50 ans après, je suis toujours aussi déterminée à faire la Révolution, à changer la société, pour une société qui ne soit ni capitaliste, ni patriarcale et qui est à inventer, ensemble, avec les hommes et avec les femmes. Même si j’ai appris dans les écoles syndicales, que le capitalisme crée les contradictions et les forces qui conduiront à sa disparition, j’ai bien compris qu’il a aussi la capacité à se réinventer en permanence pour poursuivre et renforcer l’exploitation dans la crise. Mais je ne désespère pas que les forces qui veulent que la société change et leur idéologie, soient un jour dominantes. La Révolution n’est pas écrite d’avance… Et peut-être que la CGT a enfin pris la mesure de ce qui est en train de changer ? Comme la place et le rôle des femmes dans la société et ce que les femmes ne peuvent plus supporter : être considérées comme des êtres humains inférieurs, sous la coupe des hommes de tous les points de vue, être culpabilisées, inaudibles, invisibles, ressentir de la honte quand la honte ne devrait pas être de leur côté…
Comme le disait Che Guevara, lui qui a fait la Révolution : « soyons réalistes, exigeons l’impossible ! », c’est bien cela le combat des femmes depuis 1968 et depuis plus de 50 ans !
Annie Bruant Zornette, le 5 janvier 2018
*colloque « Autour de l’histoire du magazine Antoinette », tenu le 1er février 2007 à Montreuil dont les actes ont été publiés en 2010
Je me souviens d’avoir assister à une conférence de la C.G.T. de femmes (4000 à 5000) je pense que c’était en 1973 à Paris ! je ne me souviens pas très bien.

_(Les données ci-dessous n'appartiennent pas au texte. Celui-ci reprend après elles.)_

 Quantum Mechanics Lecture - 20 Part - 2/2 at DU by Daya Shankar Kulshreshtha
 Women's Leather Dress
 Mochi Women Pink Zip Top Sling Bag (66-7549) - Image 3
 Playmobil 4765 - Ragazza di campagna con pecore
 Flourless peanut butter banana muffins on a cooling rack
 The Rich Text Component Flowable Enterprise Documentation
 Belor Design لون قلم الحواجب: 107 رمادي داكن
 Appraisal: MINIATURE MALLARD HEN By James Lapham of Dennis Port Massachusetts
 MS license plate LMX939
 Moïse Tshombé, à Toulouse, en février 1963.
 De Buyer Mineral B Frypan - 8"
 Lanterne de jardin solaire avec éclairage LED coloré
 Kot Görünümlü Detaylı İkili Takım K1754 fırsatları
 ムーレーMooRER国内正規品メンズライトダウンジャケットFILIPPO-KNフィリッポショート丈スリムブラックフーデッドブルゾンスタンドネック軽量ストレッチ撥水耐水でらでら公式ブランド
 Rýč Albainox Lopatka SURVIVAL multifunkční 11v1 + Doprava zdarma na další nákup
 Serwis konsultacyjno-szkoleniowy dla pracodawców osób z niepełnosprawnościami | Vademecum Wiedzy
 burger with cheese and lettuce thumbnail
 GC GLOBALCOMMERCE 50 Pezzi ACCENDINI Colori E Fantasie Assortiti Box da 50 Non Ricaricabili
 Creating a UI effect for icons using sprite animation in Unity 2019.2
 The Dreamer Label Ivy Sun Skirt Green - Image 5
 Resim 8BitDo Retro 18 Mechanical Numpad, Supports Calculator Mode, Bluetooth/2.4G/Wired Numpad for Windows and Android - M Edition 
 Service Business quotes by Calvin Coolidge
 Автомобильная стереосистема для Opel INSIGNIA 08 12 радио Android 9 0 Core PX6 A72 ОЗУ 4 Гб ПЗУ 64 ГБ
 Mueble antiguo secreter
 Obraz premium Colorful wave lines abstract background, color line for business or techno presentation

Cette conférence n’était composée que de femmes enfin presque. A cette époque j’étais déléguée du personnel dans une usine de vêtements où l’on fabriquait des imperméable (Sogève Akylon), mon amie était délégué dans l’usine voisine qui fabriquait des chemises d’hommes (Usine Rousseau – Jalla) toutes les deux nous vendions Antoinette chacune de notre côté. De notre province de l’Allier nous étions venues raconter « notre misère » avec nos bas salaires, et toutes les péssiosn que l’on subissaient.
Je me souviens de l’intervention de Gisèle HALIMI sur le podium.